Jules ne répondit pas, ce que le vieillard attribua à une louable discrétion. Absorbé dans une profonde rêverie, Jules se demandait si Hélène, irritée par la mort d’un frère, rendrait justice à sa délicatesse ; il se repentit de ce qui s’était passé autrefois. Ensuite, à sa demande, le vieillard lui parla franchement de tout ce qui avait eu lieu dans Albano le jour du combat. Fabio ayant été tué sur les six heures et demie du matin, à plus de six lieues d’Albano, chose incroyable ! dès neuf heures on avait commencé à parler de cette mort. Vers midi on avait vu le vieux Campireali, fondant en larmes et soutenu par ses domestiques, se rendre au couvent des Capucins. Peu après, trois de ces bons pères, montés sur les meilleurs chevaux de Campireali, et suivis de beaucoup de domestiques, avaient pris la route du village des Ciampi, près duquel le combat avait eu lieu.
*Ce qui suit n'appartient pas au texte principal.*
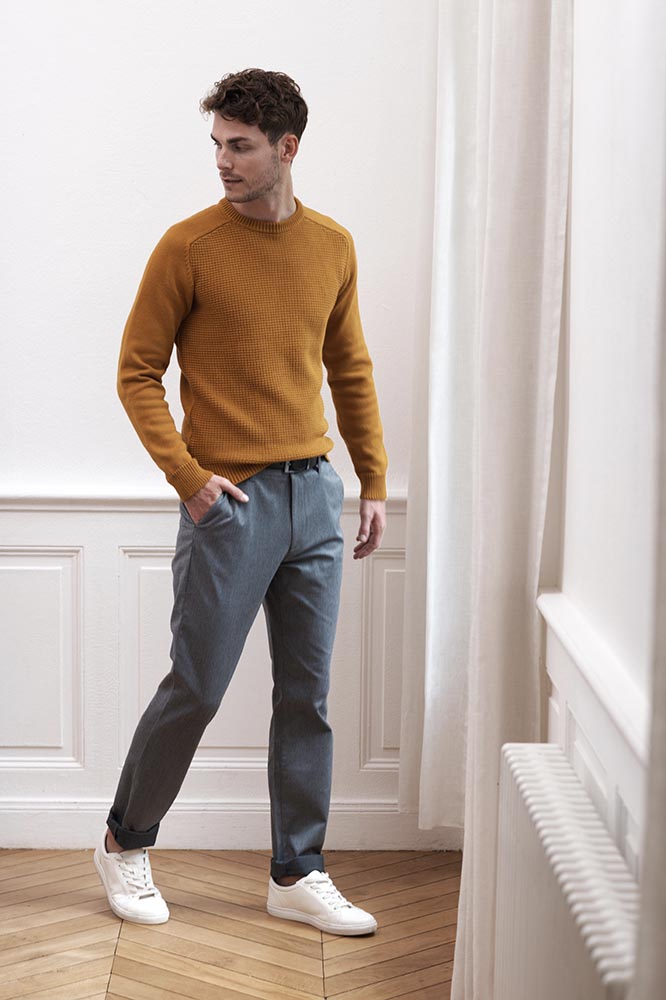 Collection hiver 2018 Jerem Pantalon gris avec pull jaune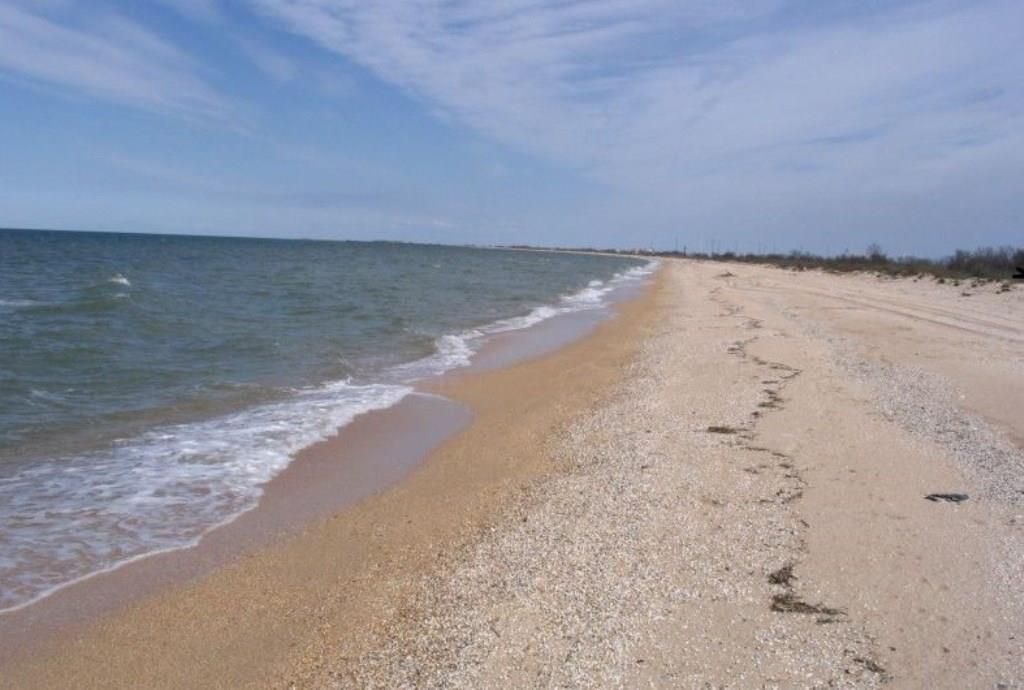 Фото №1: Земельный участок 5.5 сот. - Голубицкая, пер. Азовский, 2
Le vieux Campireali voulait absolument les suivre ; mais on l’en avait dissuadé, par la raison que Fabrice Colonna était furieux (on ne savait trop pourquoi), et pourrait bien lui faire un mauvais parti s’il était fait prisonnier.

Le soir, vers minuit, la forêt de la Faggiola avait semblé en feu : c’étaient tous les moines et tous les pauvres d’Albano qui, portant chacun un gros cierge allumé, allaient à la rencontre du corps du jeune Fabio.

— Je ne vous cacherai point, continua le vieillard en baissant la voix comme s’il eût craint d’être entendu, que la route qui conduit à Valmontone et aux Ciampi…..

— Eh bien ? dit Jules.

— Eh bien ! cette route passe devant votre maison, et l’on dit que lorsque le cadavre de Fabio est arrivé à ce point, le sang a jailli d’une plaie horrible qu’il avait au cou.